**** SOURCE MATERIAL

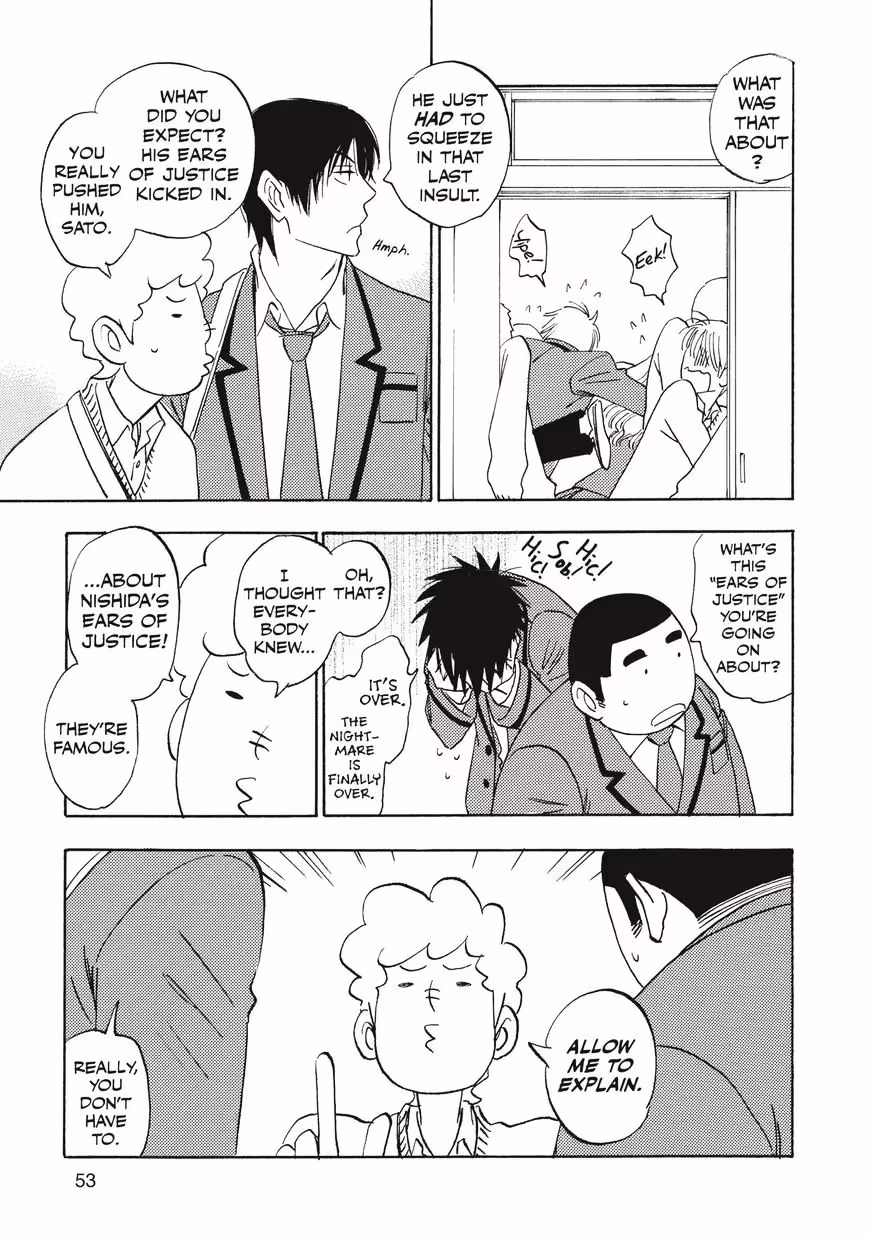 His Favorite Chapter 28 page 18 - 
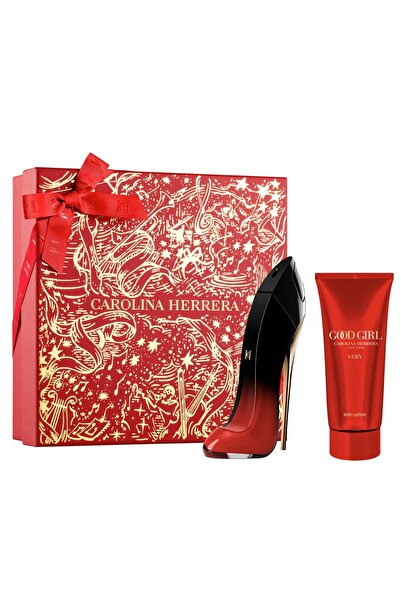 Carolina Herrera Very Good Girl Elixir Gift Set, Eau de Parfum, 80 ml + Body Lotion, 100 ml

********
**** SOURCE MATERIAL

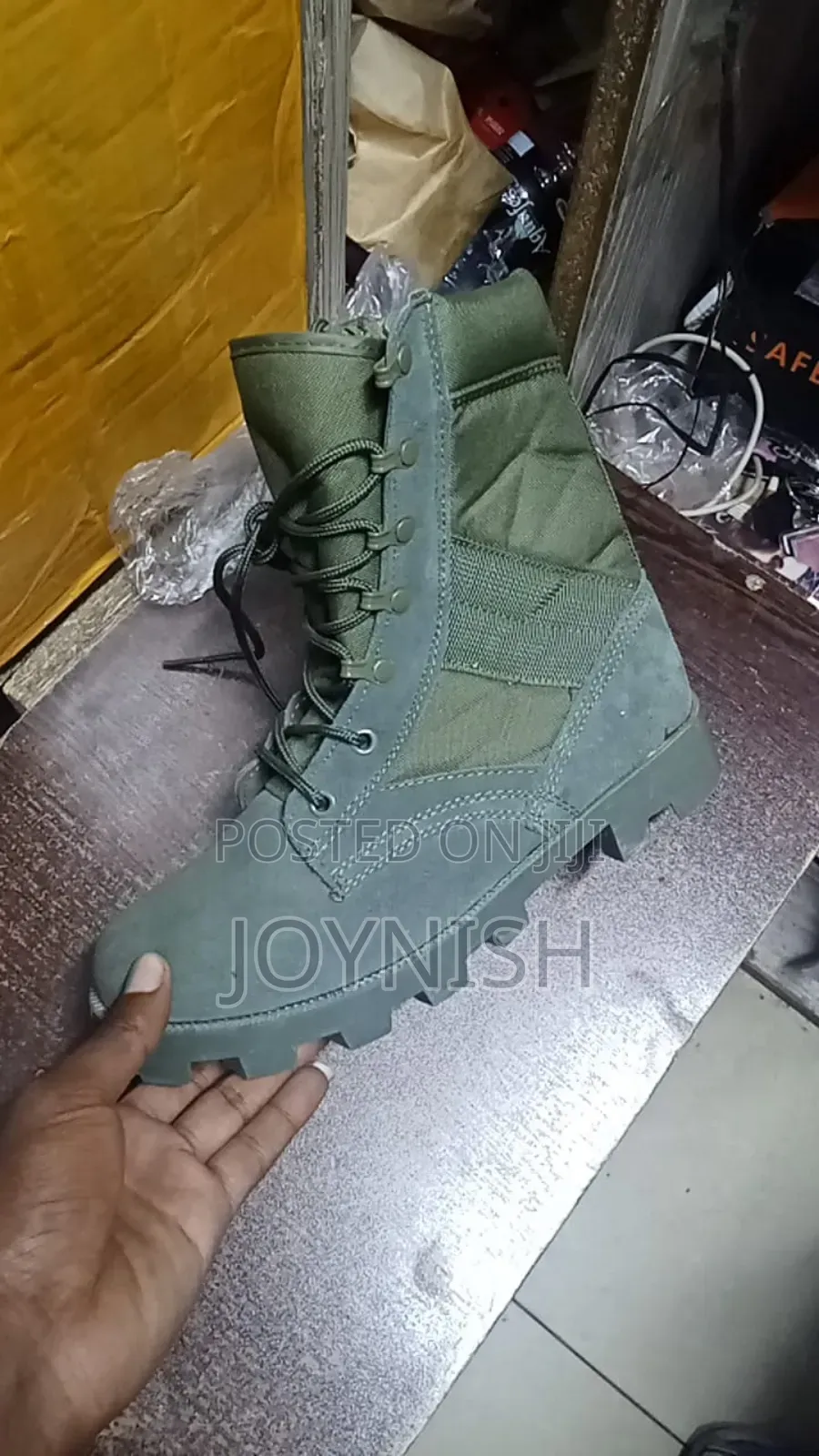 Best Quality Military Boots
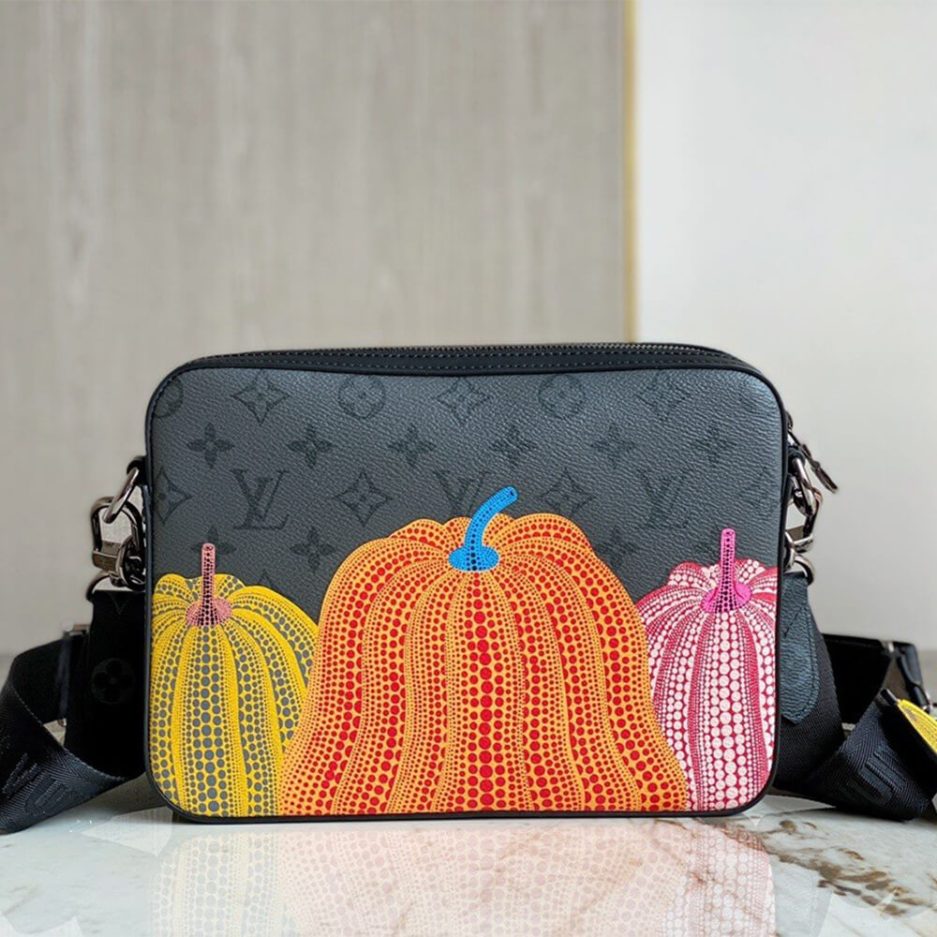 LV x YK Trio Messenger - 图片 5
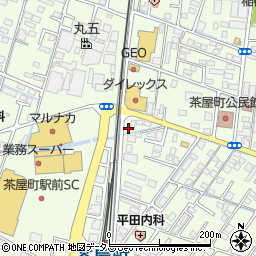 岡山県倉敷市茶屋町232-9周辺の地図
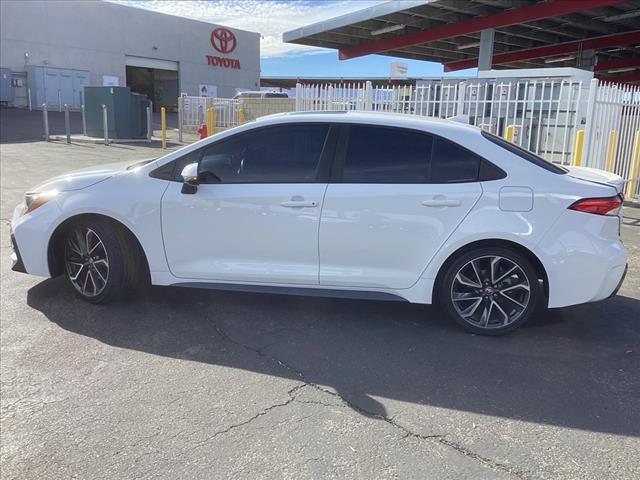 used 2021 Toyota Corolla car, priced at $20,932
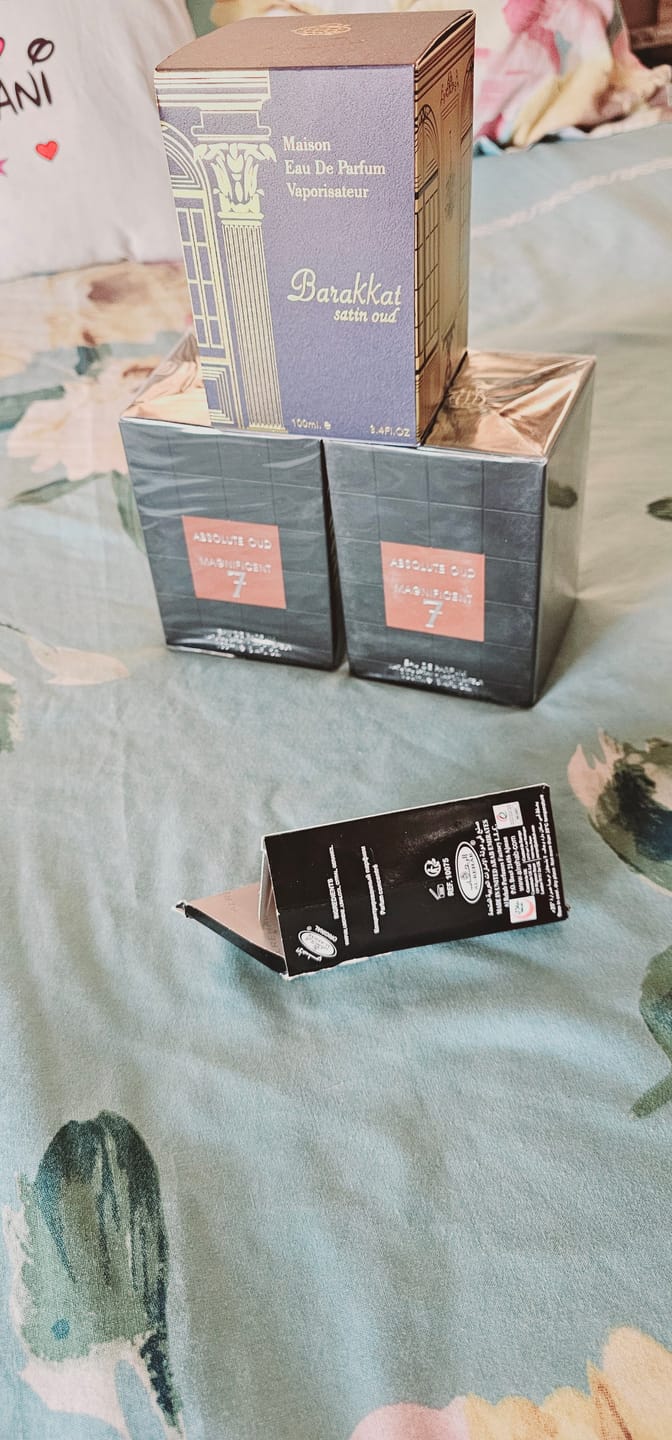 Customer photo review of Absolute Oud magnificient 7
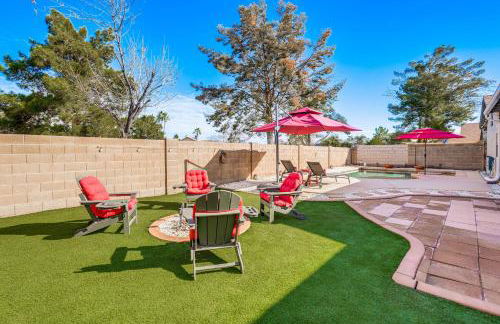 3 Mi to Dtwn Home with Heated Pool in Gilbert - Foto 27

********

#### [YOUR TASK]
Take the material above from the line containing "His Favorite Chapter" up to and including the line containing "Carolina Herrera Very" and retype it exactly, without any pictures.

#### [RESPONSE TO THIS TASK]
 His Favorite Chapter 28 page 18 - 
 Carolina Herrera Very Good Girl Elixir Gift Set, Eau de Parfum, 80 ml + Body Lotion, 100 ml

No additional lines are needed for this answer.